_EXERCISE DATA_
- - - - -
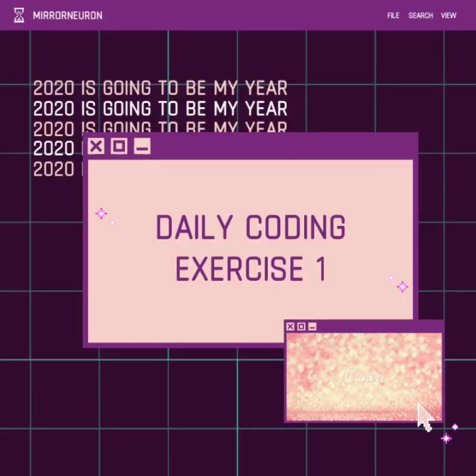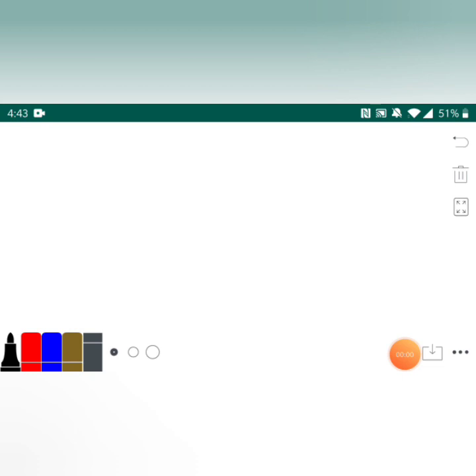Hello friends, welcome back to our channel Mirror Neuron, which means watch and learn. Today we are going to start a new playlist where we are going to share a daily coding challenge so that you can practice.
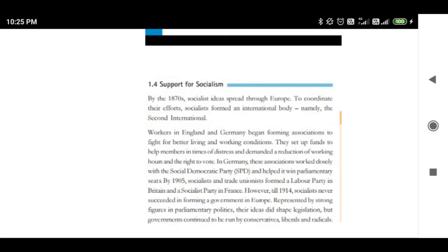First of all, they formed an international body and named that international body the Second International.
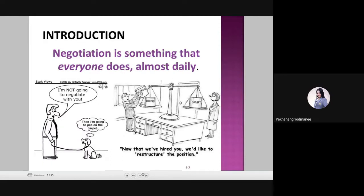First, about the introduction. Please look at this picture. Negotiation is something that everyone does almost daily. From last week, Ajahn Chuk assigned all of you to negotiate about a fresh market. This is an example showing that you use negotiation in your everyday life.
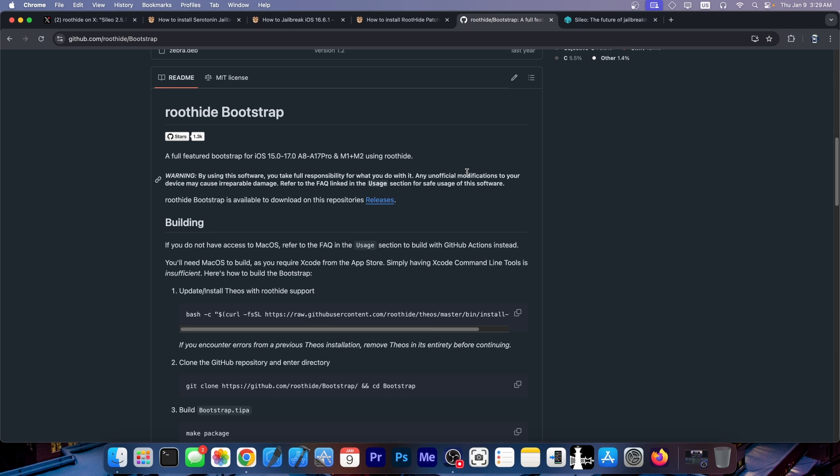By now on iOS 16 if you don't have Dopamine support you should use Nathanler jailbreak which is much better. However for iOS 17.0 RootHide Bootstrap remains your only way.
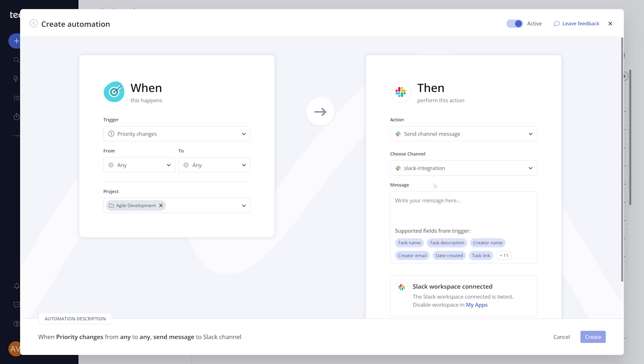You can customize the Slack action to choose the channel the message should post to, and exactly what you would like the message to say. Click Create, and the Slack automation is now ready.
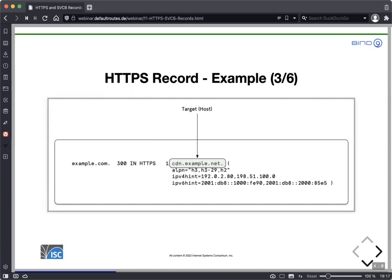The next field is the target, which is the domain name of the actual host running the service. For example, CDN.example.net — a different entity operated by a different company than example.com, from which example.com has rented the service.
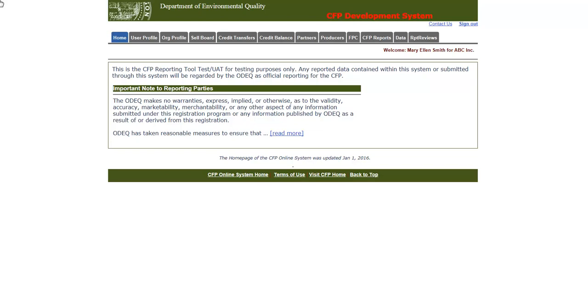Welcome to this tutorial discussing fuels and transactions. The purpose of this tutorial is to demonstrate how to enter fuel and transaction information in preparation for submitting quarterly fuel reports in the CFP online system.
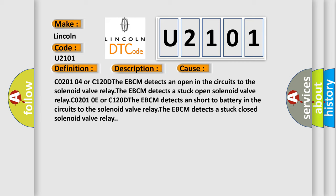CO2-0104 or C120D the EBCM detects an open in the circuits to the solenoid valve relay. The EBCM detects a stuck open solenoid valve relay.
- - - - -
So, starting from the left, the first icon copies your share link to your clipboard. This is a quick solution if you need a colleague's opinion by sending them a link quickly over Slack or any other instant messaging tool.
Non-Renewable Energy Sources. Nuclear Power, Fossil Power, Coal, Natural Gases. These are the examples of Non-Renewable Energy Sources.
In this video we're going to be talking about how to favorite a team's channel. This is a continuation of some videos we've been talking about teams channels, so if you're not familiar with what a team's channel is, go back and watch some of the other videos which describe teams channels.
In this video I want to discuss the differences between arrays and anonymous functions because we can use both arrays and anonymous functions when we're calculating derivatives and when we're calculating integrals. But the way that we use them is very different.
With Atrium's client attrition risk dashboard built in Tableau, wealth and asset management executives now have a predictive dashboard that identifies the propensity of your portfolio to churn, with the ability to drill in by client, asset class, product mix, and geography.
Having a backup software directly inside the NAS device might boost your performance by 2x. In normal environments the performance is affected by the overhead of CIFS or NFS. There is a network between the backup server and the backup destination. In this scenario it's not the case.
- - - - -
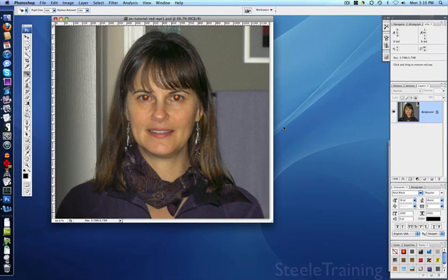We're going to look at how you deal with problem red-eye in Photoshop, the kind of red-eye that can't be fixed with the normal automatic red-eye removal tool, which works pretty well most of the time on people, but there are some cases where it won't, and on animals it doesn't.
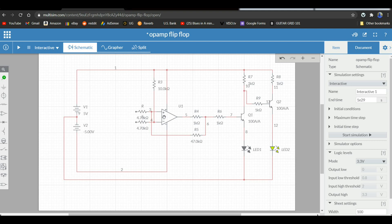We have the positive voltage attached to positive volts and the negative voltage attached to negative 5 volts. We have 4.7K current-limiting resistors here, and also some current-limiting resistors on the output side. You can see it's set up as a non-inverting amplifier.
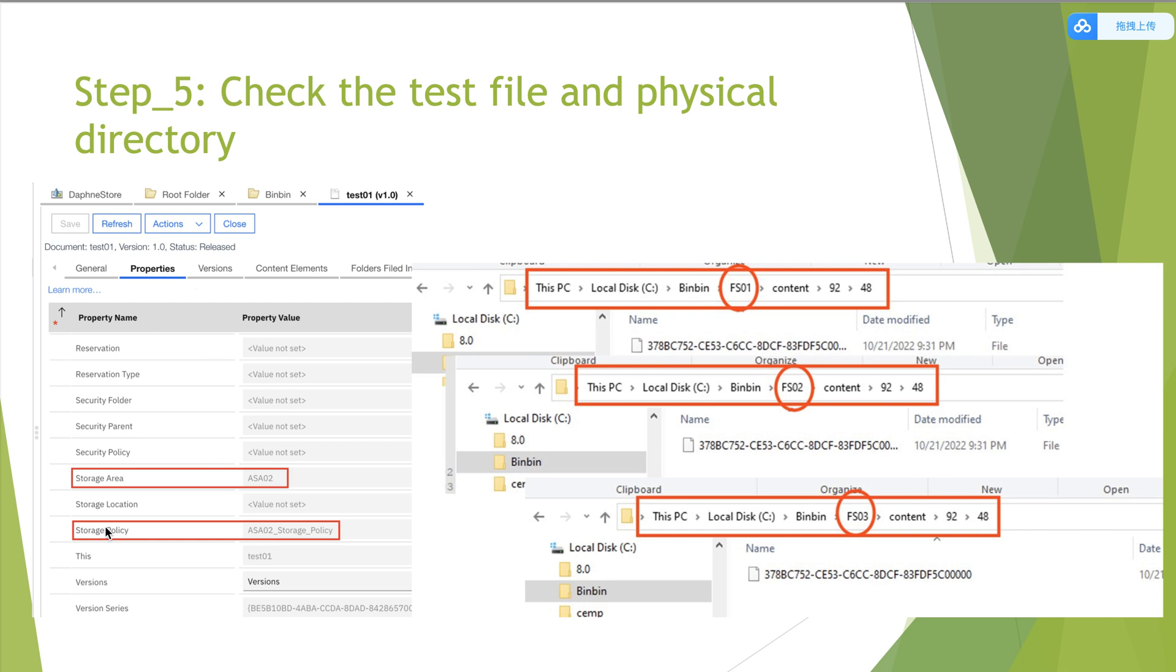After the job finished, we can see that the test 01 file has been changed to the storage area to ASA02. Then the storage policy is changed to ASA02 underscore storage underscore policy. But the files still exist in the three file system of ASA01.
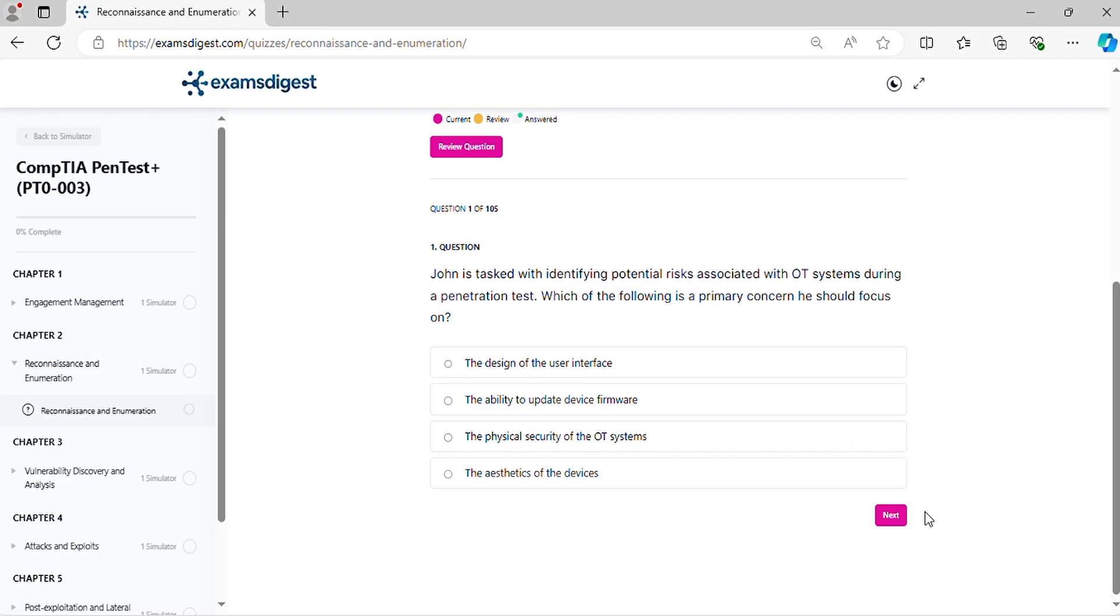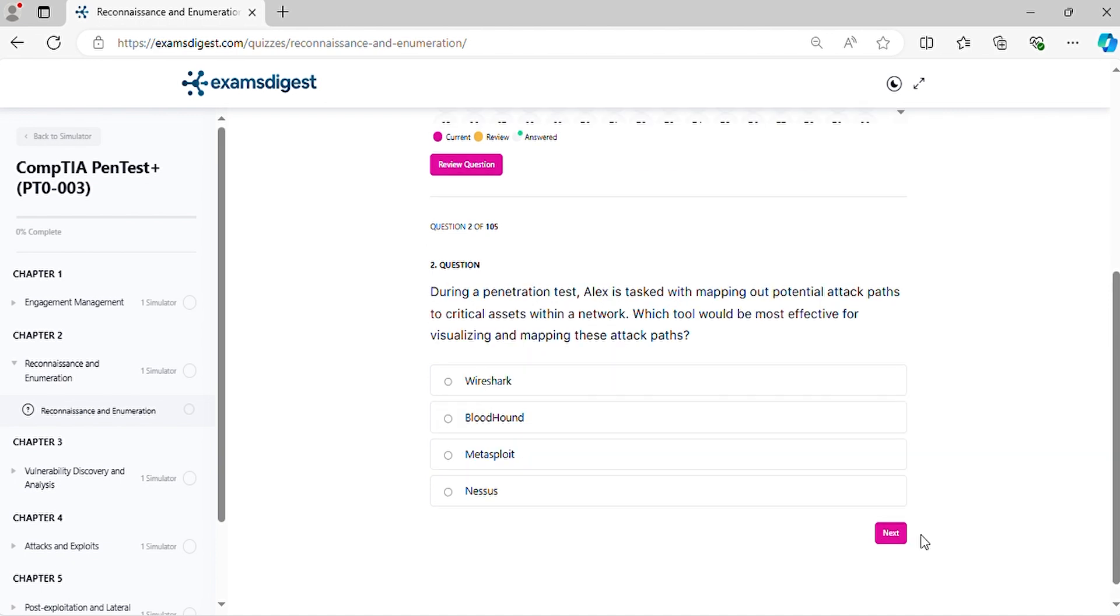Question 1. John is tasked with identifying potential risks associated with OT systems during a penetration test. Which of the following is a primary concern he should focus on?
- - - - -
_AIM OF THE EXERCISE_
Reproduce exactly the lines above that run from the one with "First of all, they" to the one with "CO2-0104 or C120D", both included, leaving pictures out.

_EXERCISE RESULT_
First of all, they formed an international body and named that international body the Second International.
First, about the introduction. Please look at this picture. Negotiation is something that everyone does almost daily. From last week, Ajahn Chuk assigned all of you to negotiate about a fresh market. This is an example showing that you use negotiation in your everyday life.
By now on iOS 16 if you don't have Dopamine support you should use Nathanler jailbreak which is much better. However for iOS 17.0 RootHide Bootstrap remains your only way.
You can customize the Slack action to choose the channel the message should post to, and exactly what you would like the message to say. Click Create, and the Slack automation is now ready.
The next field is the target, which is the domain name of the actual host running the service. For example, CDN.example.net — a different entity operated by a different company than example.com, from which example.com has rented the service.
Welcome to this tutorial discussing fuels and transactions. The purpose of this tutorial is to demonstrate how to enter fuel and transaction information in preparation for submitting quarterly fuel reports in the CFP online system.
CO2-0104 or C120D the EBCM detects an open in the circuits to the solenoid valve relay. The EBCM detects a stuck open solenoid valve relay.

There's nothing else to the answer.